I’m profiling a multi-process workload running under CUDA MPS and observed something odd in Nsight Systems.
In the timeline view, the CUDA HW trace suddenly ends (no more kernel launches are shown), but the SM Active / Warp Occupancy / DRAM Bandwidth metrics stay high for quite a while afterward as if the GPU is still running kernels.
Here’s the situation:
-
One process (client 1) runs a LLM workload.
-
Another process (client 2) runs a simple dummy kernel to generate DRAM traffic (dummy_dram_unit_stride)
-
Both processes are launched under MPS, and Nsight Systems is attached to the dummy kernel process.
-
As shown in the attached screenshot, the CUDA HW activity “cuts out” for the LLM process, but the SM and memory metrics follows the LLM activity until the end.
Nsight seems to stop capturing CUDA HW activity for the profiled process even while it’s still executing GPU kernels, though the GPU metrics remain active. Why is this happening? Does Nsight lose visibility under MPS, or does it end the trace too early for some unexpected reason?
Hi, thanks for the reply.
There is a warning indicating that CUDA event collection might have failed.
I have attached the diagnostic messages and configurations.
(attachments)
Could you try checking which processes were traced, and if you see the MPS server PID present there or not, in addition to the 2 you mentioned?
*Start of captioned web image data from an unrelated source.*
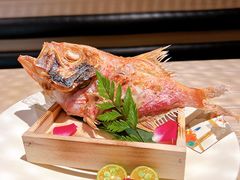-鸟山鸣·日料食堂(王府井店)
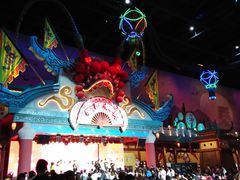 -万达茂商场(南京仙林店)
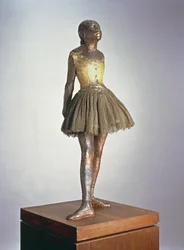 The Little Dancer
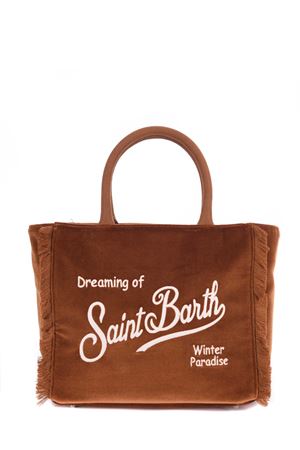  MC2 SAINT BARTH | Bag | COLETTE VELVET1042I
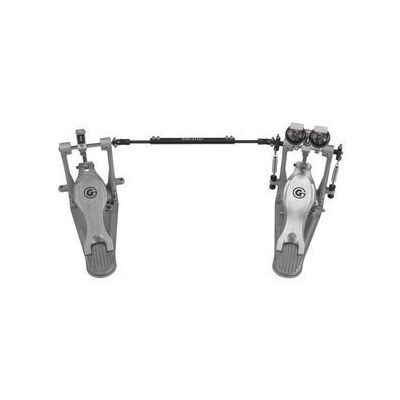 Gibraltar GTC6DD-DB Direct Drive Pedal Bombo Doble 2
The MPS server PID is missing from the summary page, although other processes that run kernels appear in the list.
Ok, that checks out. Under CUDA MPS, Nsight Systems traces only the processes it directly injects into, and MPS clients don’t actually own GPU contexts, the MPS server does. Each client merely enqueues work that the server submits to the GPU. Because Nsight was attached only to the dummy kernel client, it recorded that client’s CUDA HW activity until it stopped launching kernels. The LLM client’s kernels, however, were executed by the MPS server under a different PID, which Nsight didn’t trace. Meanwhile, the GPU Metrics section reports device-wide counters that include all GPU activity, so utilization stayed high even after the traced client’s CUDA HW rows ended. In short, Nsight saw the clients enqueue work but not the server actually executing it; you could try attaching to or profiling the MPS server to see different results.